** EXERCISE DATA **
= Beginning of Section =
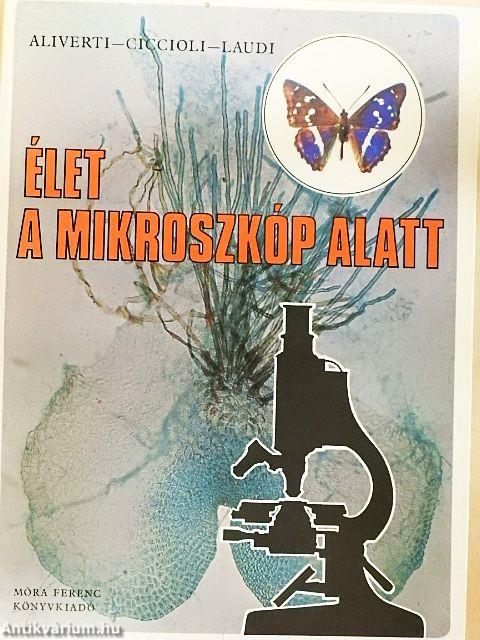 Élet a mikroszkóp alatt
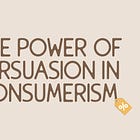 The Power of Persuasion in Consumerism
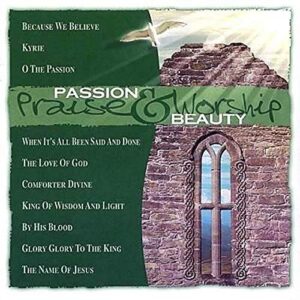 Passion & Beauty - Praise & Worship (CDs)
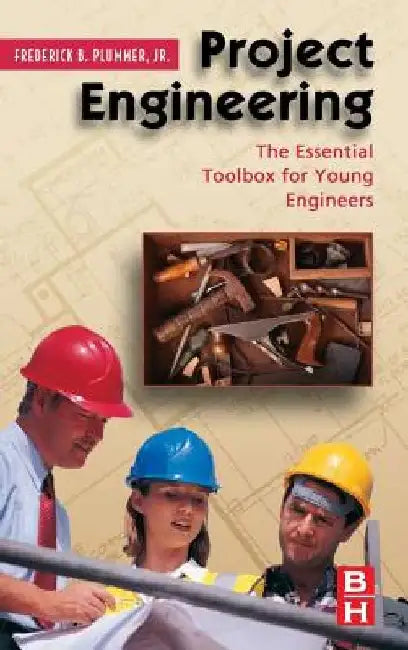 Project Engineering: The Essential Toolbox for Young Engineers by Frederick Plummer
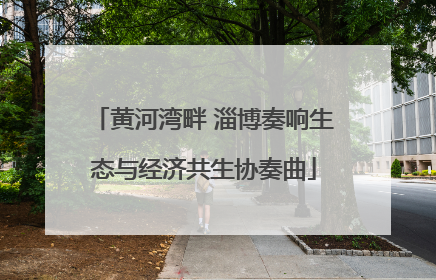 黄河湾畔 淄博奏响生态与经济共生协奏曲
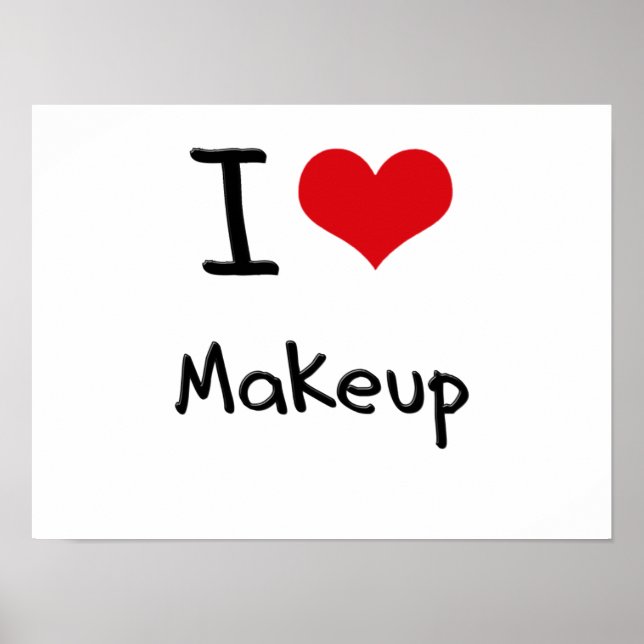 I Liebe Makeup Poster (Vorne)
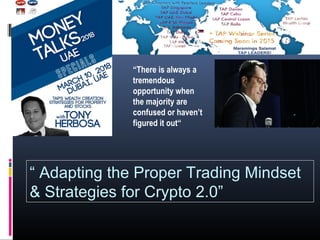 “ Adapting the Proper Trading Mindset
& Strategies for Crypto 2.0”
“There is always a
tremendous
opportunity when
the majority are
confused or haven’t
figured it out“
 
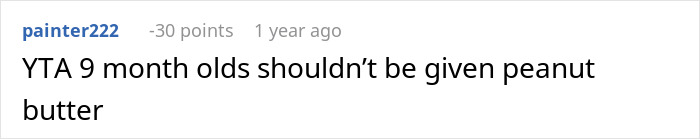 Reddit comment: "YTA 9 month olds shouldn’t be given peanut butter," highlighting potential allergy concerns. Reddit comment: "YTA 9 month olds shouldn’t be given peanut butter," highlighting potential allergy concerns.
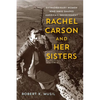 Rachel Carson and Her Sisters: Extraordinary Women Who Have Shaped America's Environment - Paperback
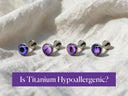 Is Titanium Hypoallergenic? What Sensitive Ears Should Know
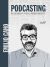 Portada de Podcasting. Así lo hago yo y así lo puedes hacer tú, de Emilio Cano Molina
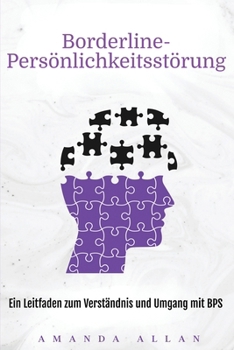 Borderline-Persönlichkeitsstörung: Ein Leitfaden zum Verständnis und Umgang mit BPS (German Edition)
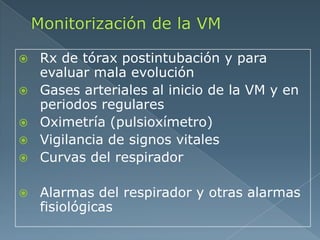  Rx de tórax postintubación y para
evaluar mala evolución
 Gases arteriales al inicio de la VM y en
periodos regulares
 Oximetría (pulsioxímetro)
 Vigilancia de signos vitales
 Curvas del respirador
 Alarmas del respirador y otras alarmas
fisiológicas
 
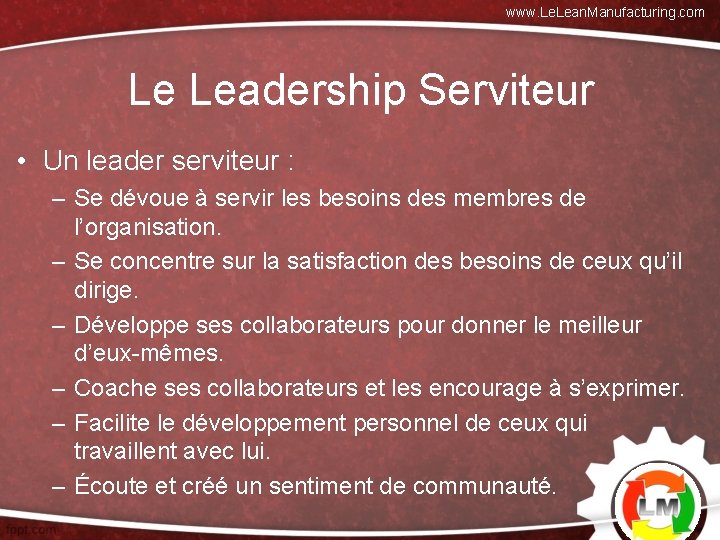 www. Lean. Manufacturing. com Le Leadership Serviteur • Un leader serviteur : – Se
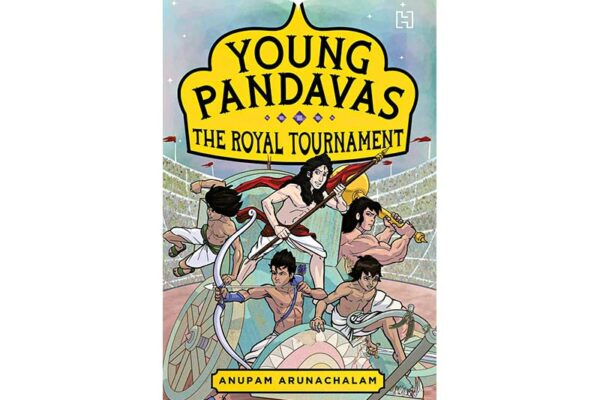 Young Pandavas: The Royal Tournament by Anupam Arunachalam 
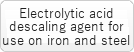 Electrolytic acid descaling agent for use on iron and steel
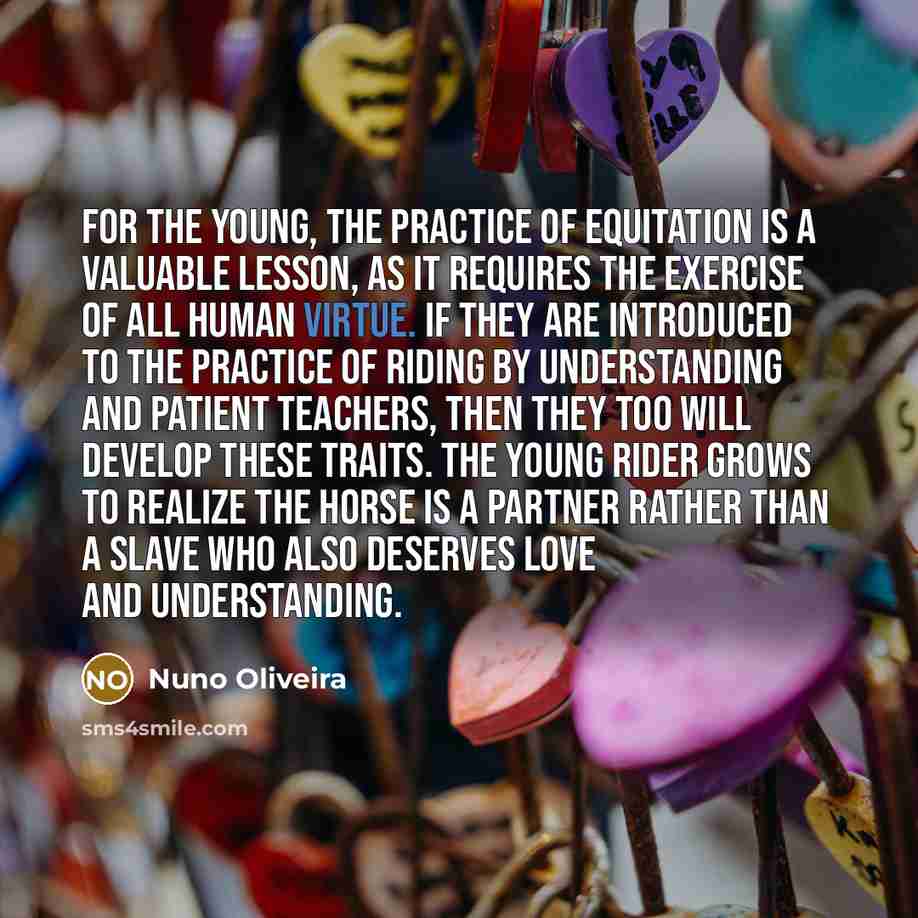 “For the young, the practice of equitation is a valuable…” quote by Nuno Oliveira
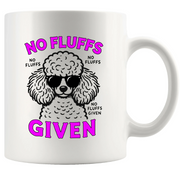 Poodle No Fluffs Given Ceramic Mug 11 oz White - Panvola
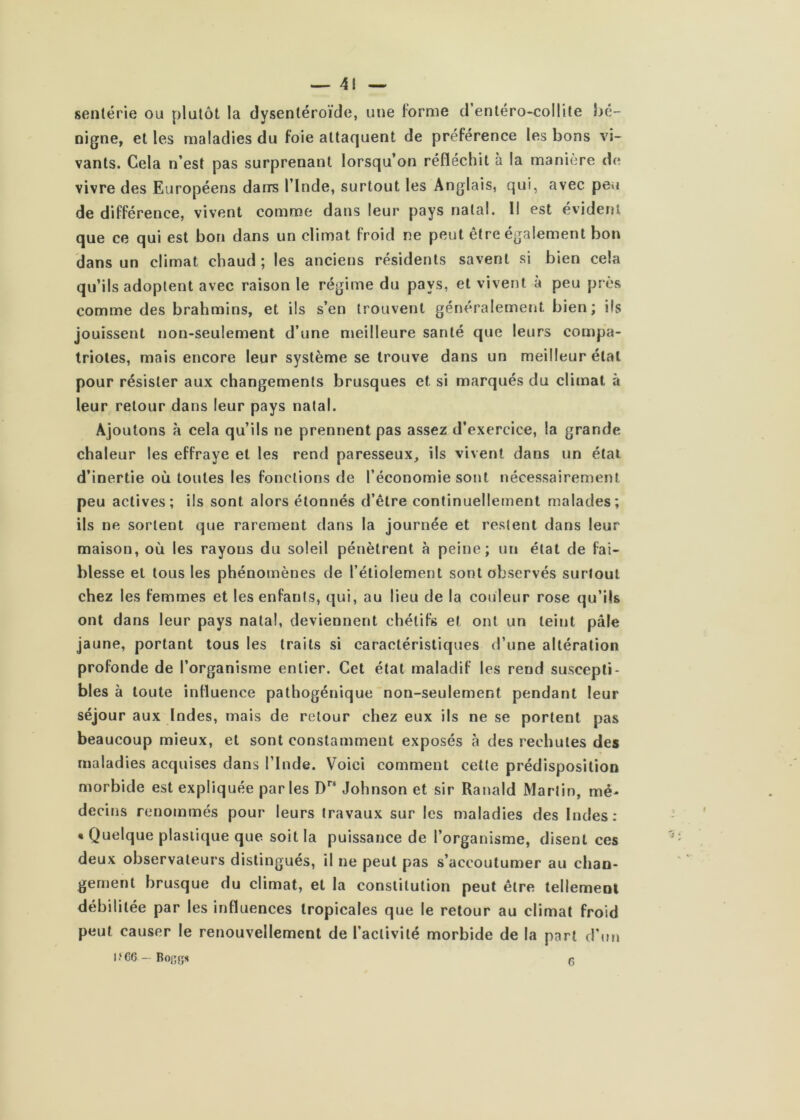 — 4! — senlérie ou plutôt la dysentéroïde, une lorme d enléro-coHile hé- nigne, et les maladies du foie attaquent de préférence les bons vi- vants. Cela n’est pas surprenant lorsqu’on réfléchit à la manière de vivre des Européens darrs l’Inde, surtout les Anglais, qui, avec peu de différence, vivent comme dans leur pays natal. 1! est évident que ce qui est bon dans un climat froid ne peut être également bon dans un climat chaud ; les anciens résidents savent si bien cela qu’ils adoptent avec raison le régime du pays, et vivent à peu près comme des brahmins, et ils s’en trouvent généralement bien; ils jouissent non-seulement d’une meilleure santé que leurs compa- triotes, mais encore leur système se trouve dans un meilleur état pour résister aux changements brusques et si marqués du climat à leur retour dans leur pays natal. Ajoutons à cela qu’ils ne prennent pas assez d’exercice, la grande chaleur les effraye et les rend paresseux^ ils vivent dans un étal d’inertie où toutes les fonctions de l’économie sont nécessairement peu actives; ils sont alors étonnés d’être continuellement malades; ils ne sortent que rarement dans la journée et restent dans leur maison, où les rayons du soleil pénètrent à peine; un état de fai- blesse et tous les phénomènes de l’étiolement sont observés surtout chez les femmes et les enfants, qui, au lieu de la couleur rose qu’ils ont dans leur pays natal, deviennent chétifs et ont un teint pâle jaune, portant tous les traits si caractéristiques d’une altération profonde de l’organisme entier. Cet état maladif les rend suscepti- bles à toute influence pathogénique non-seulement pendant leur séjour aux Indes, mais de retour chez eux ils ne se portent pas beaucoup mieux, et sont constamment exposés à des rechutes des maladies acquises dans l’Inde. Voici comment cette prédisposition morbide est ex pli quée parles Johnson et sir Ranald Martin, mé- decins renommés pour leurs travaux sur les maladies des Indes: * Quelque plastique que soit la puissance de l’organisme, disent ces deux observateurs distingués, il ne peut pas s’accoutumer au chan- gement brusque du climat, et la constitution peut être tellement débilitée par les influences tropicales que le retour au climat froid peut causer le renouvellement de l’activité morbide de la part d’mi l.‘C6 — n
= End of Section =
** TASK ITEM **
Whenever a line of the data holds the string "respirador", pick that line out.

** TASK ANSWER **
 Curvas del respirador
 Alarmas del respirador y otras alarmas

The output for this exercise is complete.